## Records
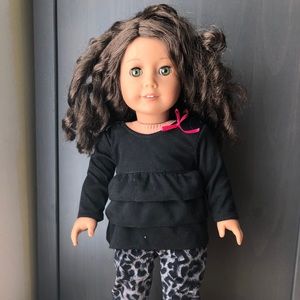 American Girl Doll #44 Curly Hair, Tan + clothes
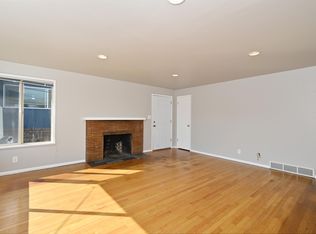 860 NW 85th St #A, Seattle, WA 98117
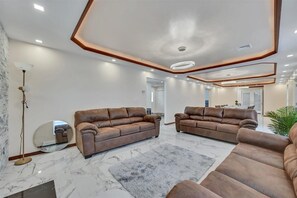 TV connectée, cheminée, baby-foot, livres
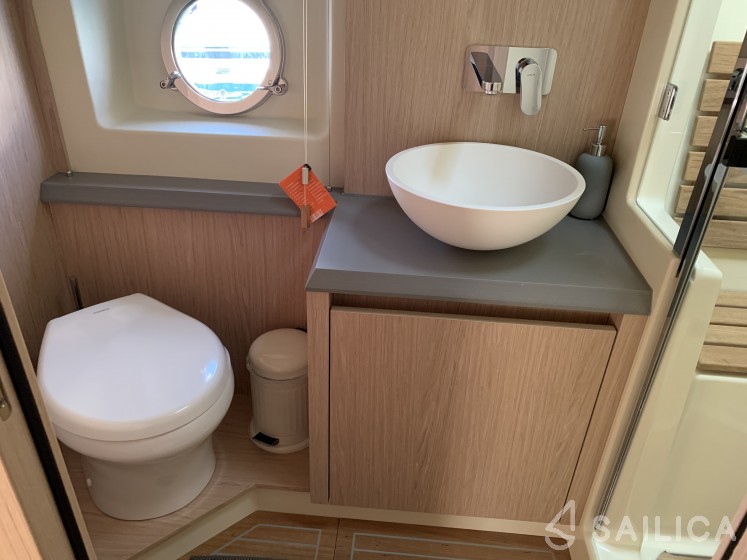 Monte Carlo 5 - Yacht Charter Sailica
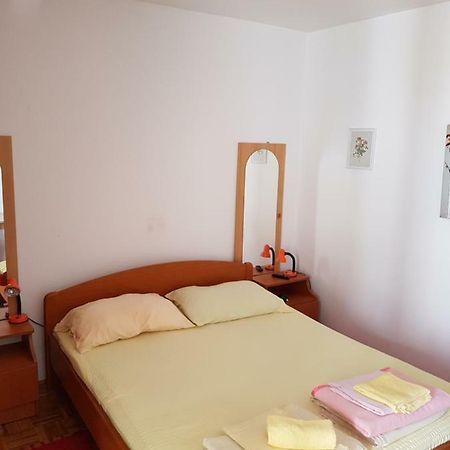 Apartmani Rosanda Petrcane Buitenkant foto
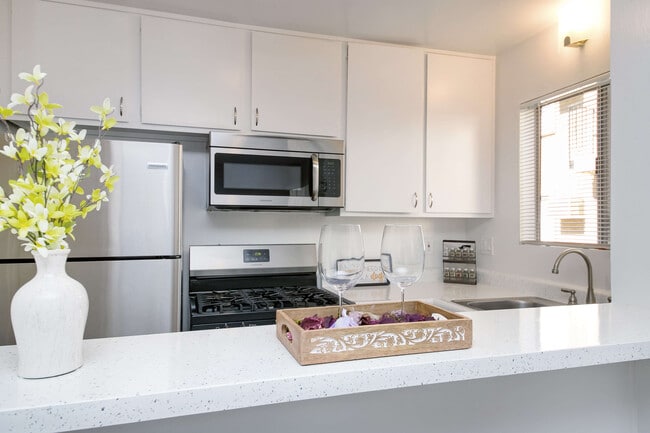Racquet Club Apartments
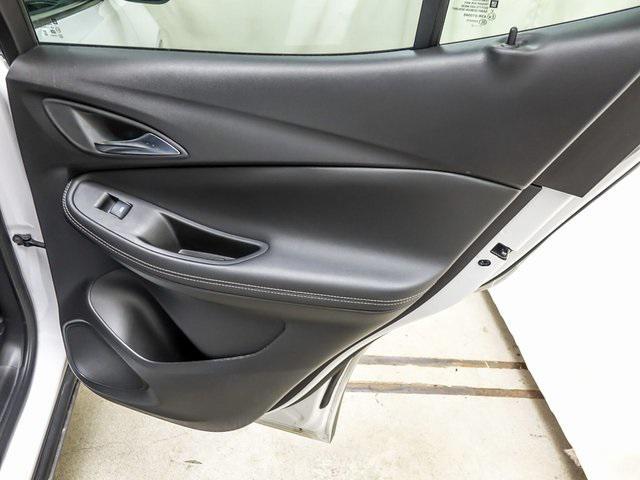 Photo of 2022 White Frost Tricoat Buick Encore GX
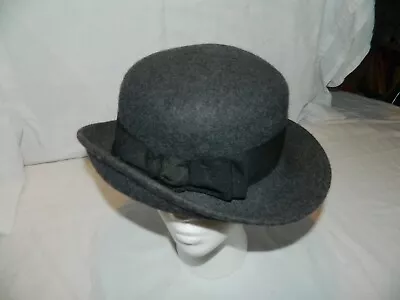 L-24 Amanda Smith Grey & Black 100% Wool Hat – Italy Medium • $17.99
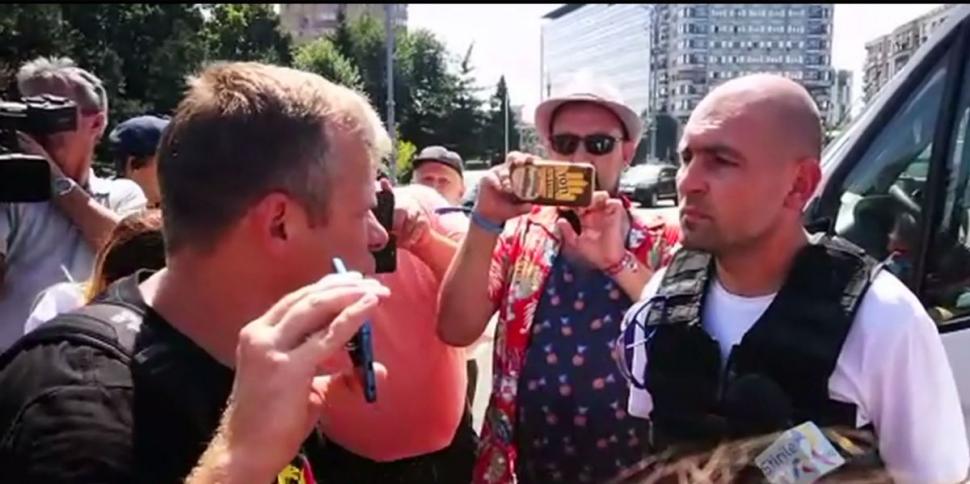 Protest 10 august. Câteva mii de persoane au ajuns în Piața Victoriei, cu steaguri și pancarte 609382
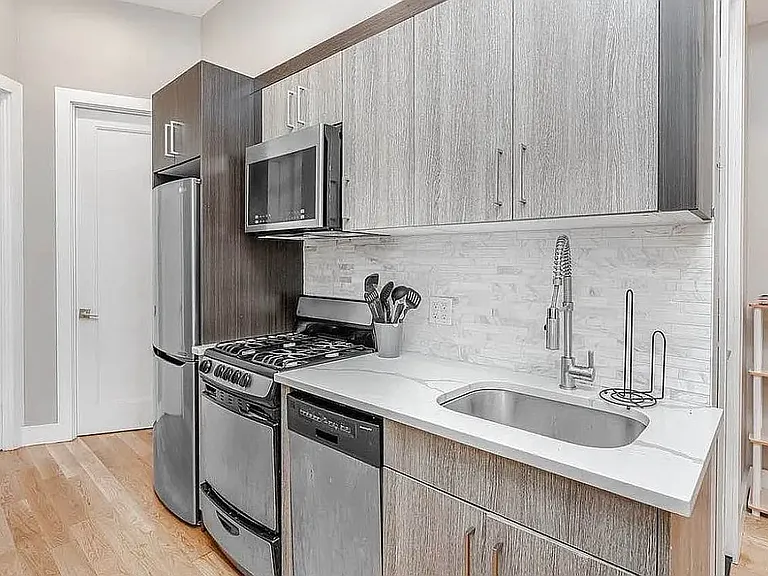 306 Linden St #2 — Photo 3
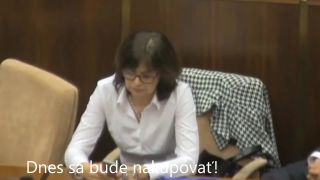 Ministerka spravoslivosti? Radšej iPhone ako kritiku.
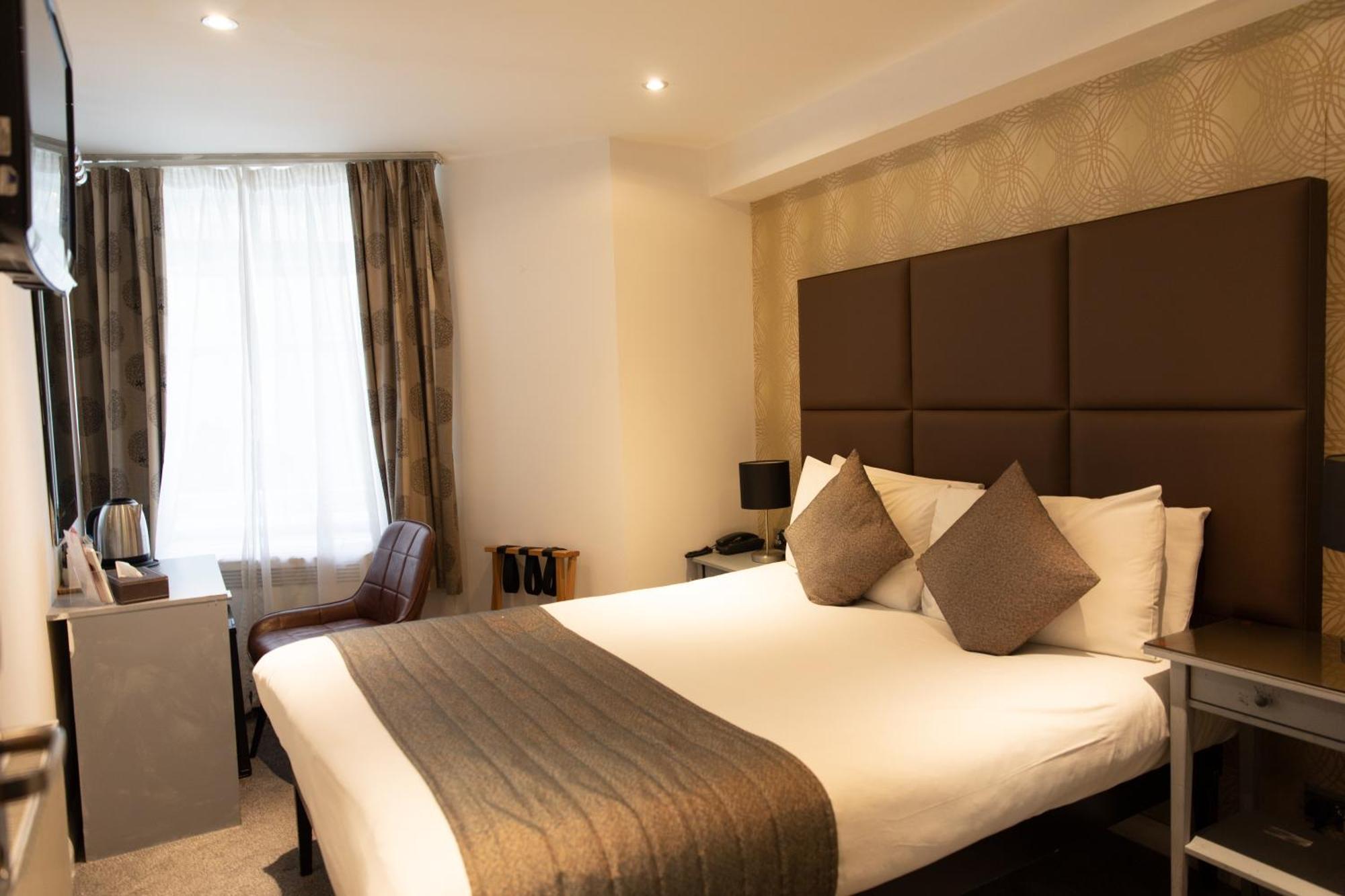 Duke Of Leinster Hotel London Exterior photo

## What the task asks
Reproduce the data above exactly, but only the lines from the one showing "TV connectée, cheminée, baby-foot, livres" through the one showing "Photo of 2022", with both ends kept and the pictures left out.

## Answer for this exercise
 TV connectée, cheminée, baby-foot, livres
 Monte Carlo 5 - Yacht Charter Sailica
 Apartmani Rosanda Petrcane Buitenkant foto
Racquet Club Apartments
 Photo of 2022 White Frost Tricoat Buick Encore GX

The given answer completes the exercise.